• REQUIRED WORK:
Reproduce the entries below in full, word for word.

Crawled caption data
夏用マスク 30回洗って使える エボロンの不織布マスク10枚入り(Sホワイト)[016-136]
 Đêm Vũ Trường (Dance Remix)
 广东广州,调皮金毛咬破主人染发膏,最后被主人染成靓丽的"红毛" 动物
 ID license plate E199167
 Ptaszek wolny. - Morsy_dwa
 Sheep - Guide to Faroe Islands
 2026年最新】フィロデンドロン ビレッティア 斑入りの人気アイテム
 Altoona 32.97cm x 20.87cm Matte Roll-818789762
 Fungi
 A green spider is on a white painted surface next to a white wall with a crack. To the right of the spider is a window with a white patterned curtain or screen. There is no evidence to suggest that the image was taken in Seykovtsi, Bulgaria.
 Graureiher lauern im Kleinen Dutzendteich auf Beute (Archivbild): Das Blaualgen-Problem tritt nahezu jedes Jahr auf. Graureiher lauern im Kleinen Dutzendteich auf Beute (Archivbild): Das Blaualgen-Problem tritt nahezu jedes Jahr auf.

• EXERCISE ANSWER:
夏用マスク 30回洗って使える エボロンの不織布マスク10枚入り(Sホワイト)[016-136]
 Đêm Vũ Trường (Dance Remix)
 广东广州,调皮金毛咬破主人染发膏,最后被主人染成靓丽的"红毛" 动物
 ID license plate E199167
 Ptaszek wolny. - Morsy_dwa
 Sheep - Guide to Faroe Islands
 2026年最新】フィロデンドロン ビレッティア 斑入りの人気アイテム
 Altoona 32.97cm x 20.87cm Matte Roll-818789762
 Fungi
 A green spider is on a white painted surface next to a white wall with a crack. To the right of the spider is a window with a white patterned curtain or screen. There is no evidence to suggest that the image was taken in Seykovtsi, Bulgaria.
 Graureiher lauern im Kleinen Dutzendteich auf Beute (Archivbild): Das Blaualgen-Problem tritt nahezu jedes Jahr auf. Graureiher lauern im Kleinen Dutzendteich auf Beute (Archivbild): Das Blaualgen-Problem tritt nahezu jedes Jahr auf.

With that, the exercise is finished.